__Data records__.

------------------------------------------------------------

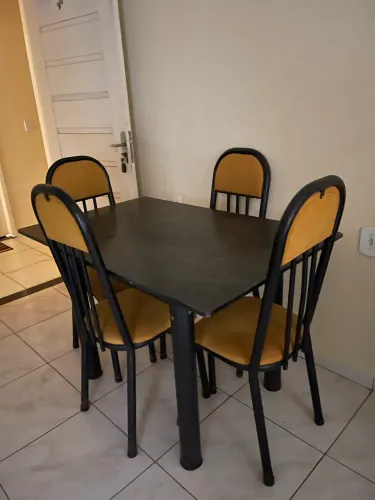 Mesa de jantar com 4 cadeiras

------------------------------------------------------------

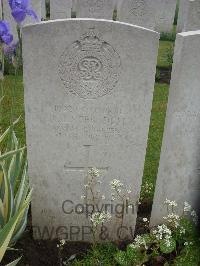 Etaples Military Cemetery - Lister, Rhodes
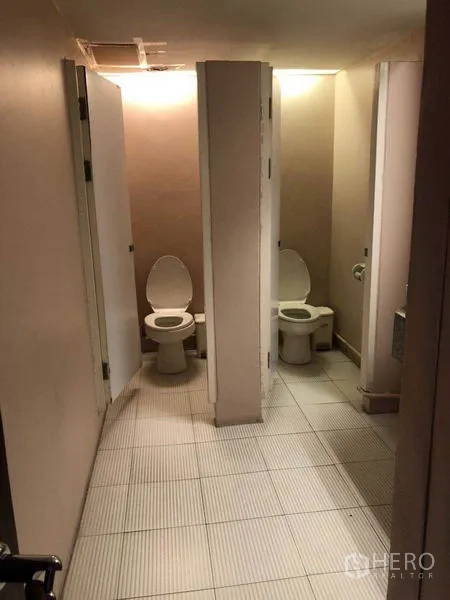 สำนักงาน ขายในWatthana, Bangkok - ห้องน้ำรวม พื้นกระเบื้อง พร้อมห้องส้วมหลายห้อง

------------------------------------------------------------

__Required action__.
Although pictures appear among the records above, write out exactly only the lines from the one that has "Etaples Military Cemetery - Lister, Rhodes" through the one that has "สำนักงาน ขายในWatthana, Bangkok", and leave the pictures out.

__Reply to the exercise__.
 Etaples Military Cemetery - Lister, Rhodes
 สำนักงาน ขายในWatthana, Bangkok - ห้องน้ำรวม พื้นกระเบื้อง พร้อมห้องส้วมหลายห้อง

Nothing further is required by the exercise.